Türkiye ‘de yemek firması sayısı 5000’lerin üzerinde her yıl birçoğu kapanıp yenileri açılmaya devam ediyor. Bu dönemi atlattığımızda da ne yazık ki firmaların birçoğu hizmete son vermiş olacak ki şimdiden kapatılanlar da mevcut. Sektöre adım atarken nakit güce sahip olmak önemli benim şahsi fikrim borçlanmadan firmayı açabiliyorsak öz sermayemiz varsa bu işe girmeliyiz. Firmaları açarken nakit gücümüze bakmadan neredeyse tamamen borçlanarak firmaları açıyor, girdilerle bu borçlanmaları kapatarak bir şekilde sektörde yer almaya çalışıyor, aradan sıyrılabilen bazılarımız sektöre tutunabiliyor bazılarımız da direnemeden vazgeçiyorduk. Son yıllarda süregelen ekonomik dalgalanmalarda da tutunabilmek bu durumda zorlaşıyordu. Tam da bu şekilde hizmet vermeye çalışanlar için bu süreç daha zorlu olacak.
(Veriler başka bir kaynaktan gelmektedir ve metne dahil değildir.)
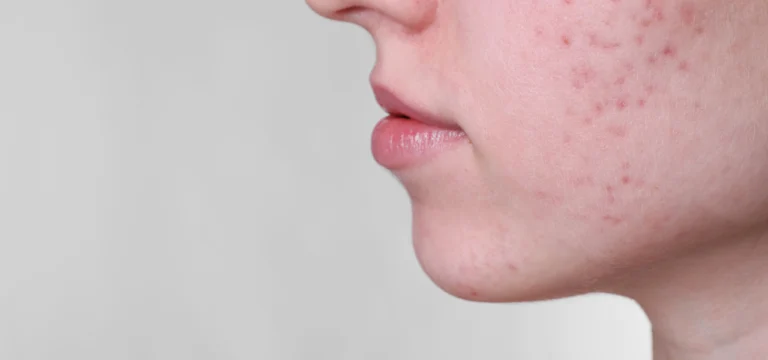 acne rimedi pelle acneica pelle impura
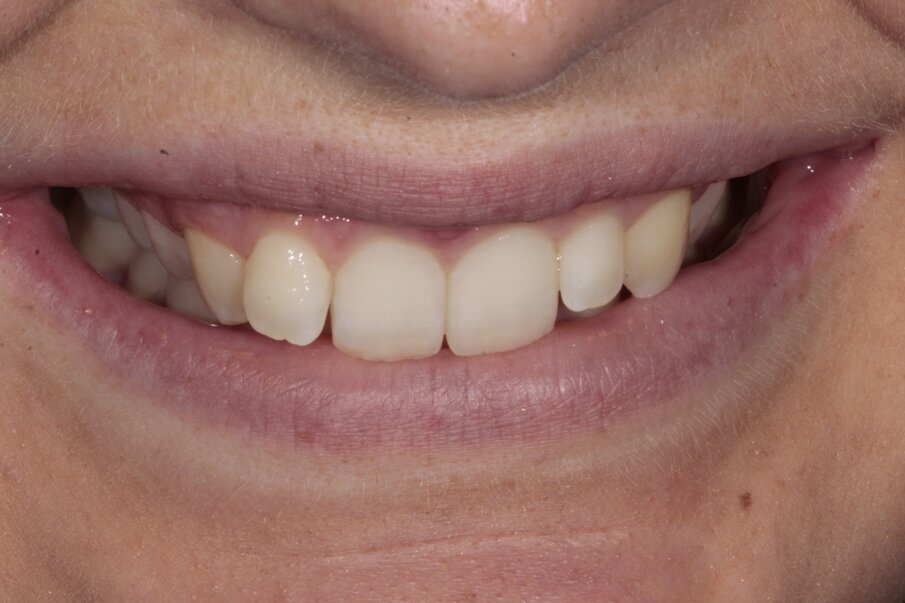 4. Initiële situatie, vooraanzicht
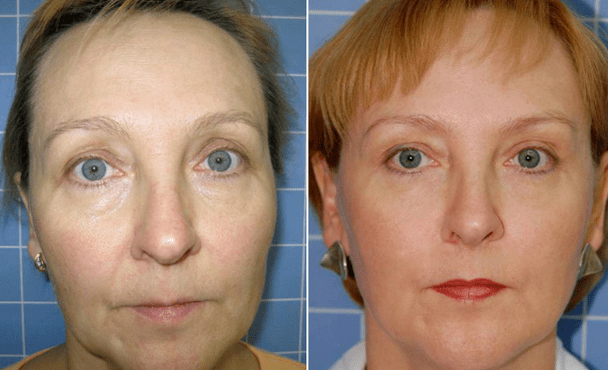 Virun an no der Rejuvenation Prozedur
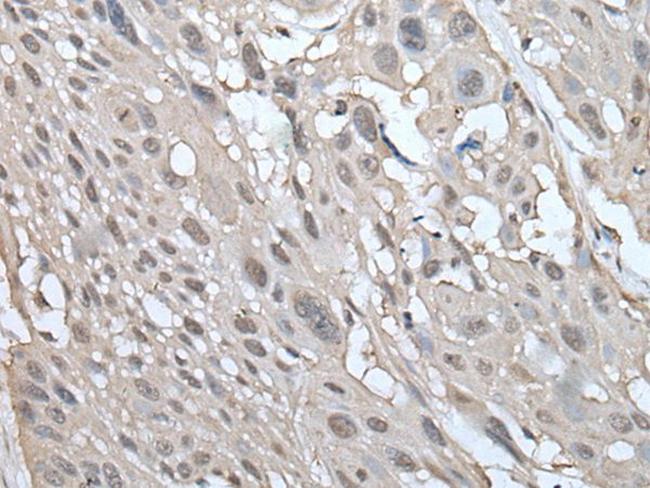 UBE2W Antibody in Immunohistochemistry (Paraffin) (IHC (P))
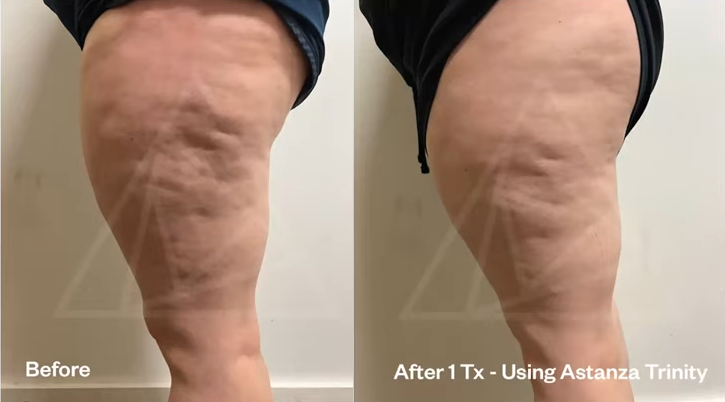 Cellulite treatment procedure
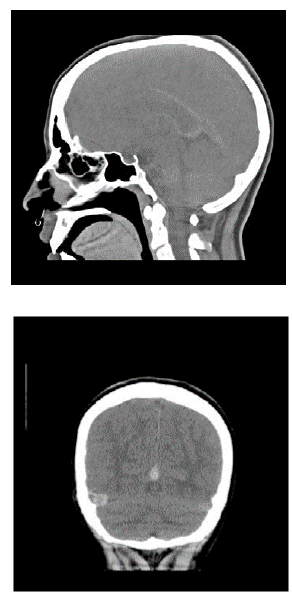 Tomograf&iacute;a axial computarizada (TAC) de cr&aacute;neo simple.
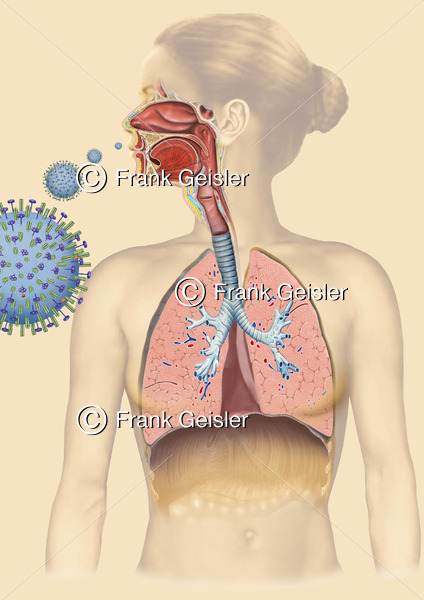 Echte Grippe durch Influenza-Infektion - Medical Pictures
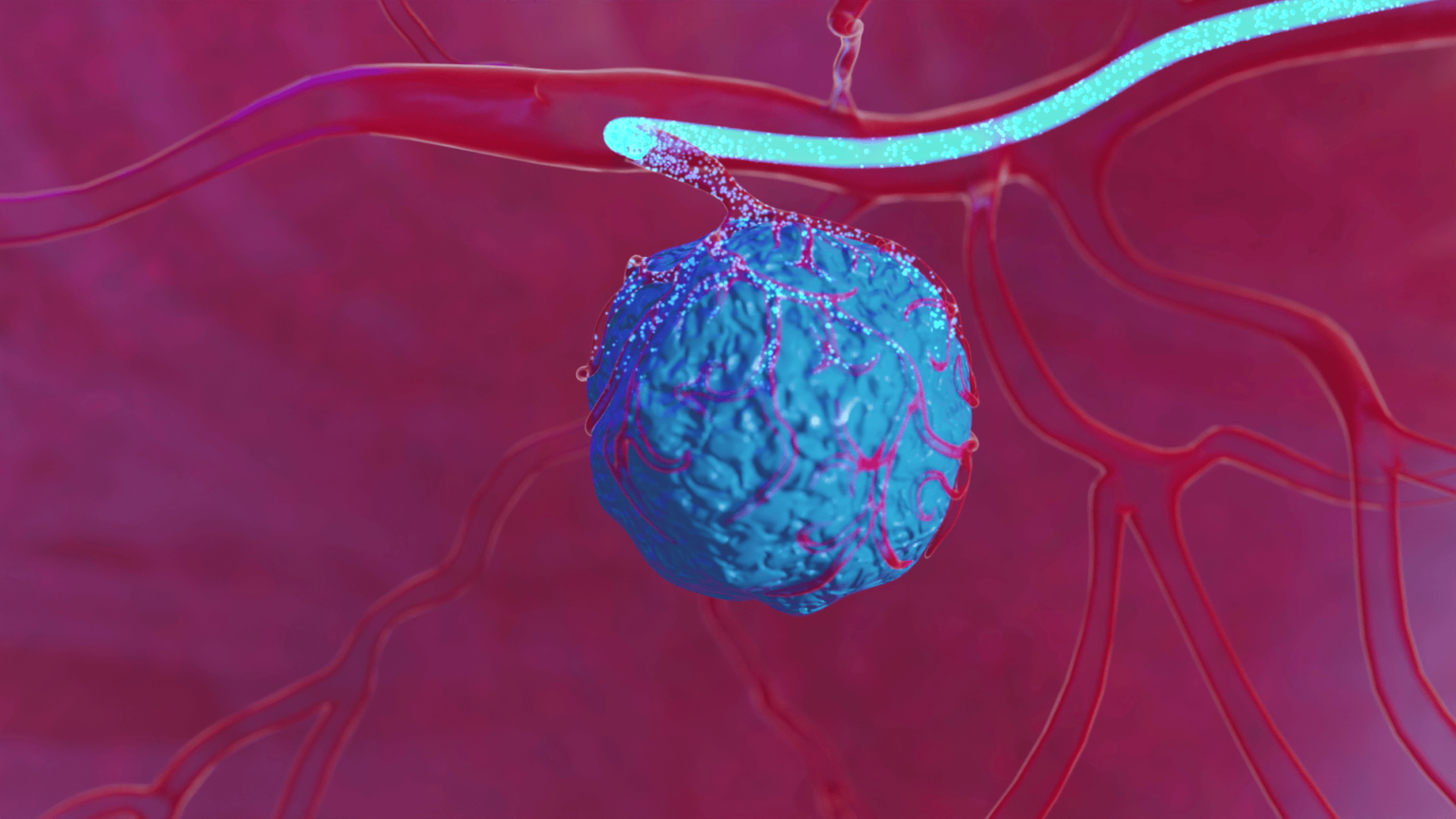 Visualisation 3D médicale - oncologie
Arkasında nakit gücü olanlar için belki biraz daha rahat geçecek ama sonuç değişmeyecek. Hazırı tüketmek de bir şekilde geriletecek bizi fakat diğerlerinden farklı olarak tutunmayı başarabileceğiz. Mevcut durumda müşteri sayılarımız %50 ile 80 arasında değişen oranlarda azaldı. Lokanta mantığıyla kendi yerinde hizmet sunanlar ise tamamen kapatmak durumunda da kaldı. Personelin çoğunu izne çıkarmak zorunda kaldık. Tedarik ettiğimiz gıda hammaddelerin bir kısmını belki iade edebildik ama bir kısmı da zayi olarak elimizde kaldı. Zaten eksi hanede olanlar için ekonomik durum işin içinden çıkılmaz bir hale girerken, mali gücü olanlar için de hazırdan yenen bir döneme girilmiş oldu. Yavaş yavaş normalleşmeye başladığımızda da yaraları birden sarmak kolay olmayacak. Bugün değil belki ama birkaç ay sonra personellerin bir kısmının işine son vermek zorunda kalacağız.
38
Gelecek planlamalarını yaparken ekonomik yönü kadar psikolojik yönleriyle de durumu değerlendirerek hareket etmemizde fayda olacağını düşünüyorum. Çünkü hizmet verirken artık insan psikolojisini de yönetiyor olmamız gerekecek. İnsanların hassasiyet düzeyleri değişecek. Ve tabi ki yeni dönemde satın alma, finans birimlerinin işi hiçte kolay olacak gibi görünmüyor. Ama ben bugün kendi mesleki alanıma değinmek istiyorum Hijyen konusunda beklenti ne olacak? Hijyen neydi? Gözle gördüğümüz ve göremediğimiz tüm kirlerin ortamdan uzaklaştırılması .( Temizlik + dezenfeksiyon = Sanitasyonun tam anlamıyla sağlanması ) Yıllardır bildiğimiz bir konu. Önem verdiğimizi söylediğimiz hassasiyetle yaklaştığımızı dile getirdiğimiz bu konuda başka bir döneme geçiyoruz. İnsan psikolojisi bu süreçte en fazla hijyen konusunda farkındalığını arttırmış olacak. Ve bu konuya daha hassas bakıyor olacak. Bizler de öyle yaklaşmalıyız. Son günlerde ülke gündemine oturan konuların başında ise el hijyeni geliyor. Eller nasıl yıkanmalı? Aslında biliyorduk, iş yerlerimizde, WC lerde, AVM lerde vb… birçok alanda el yıkama talimatları karşımıza çıkıyor ama görmüyorduk. Bizim tarafımızdan bakarsak personelimiz sürekli eğitimleri alıyor, kendilerine anlatılıyordu fakat uygulamada sorun yaşıyorduk. Kısaca gördük ki el yıkamayı bile bilmiyormuşuz. Yeniden öğreniyoruz ve bu bence acı bir konu. Şimdi birlikte genel işleyişimize bakalım neler değişecek, neler yapacağız? ÜRETİM ALANLARINDA Çalışma düzenleri, yerleşimleri gözden geçirilecek. Bu durum biraz üretimde yavaşlamaya sebep olabilecek.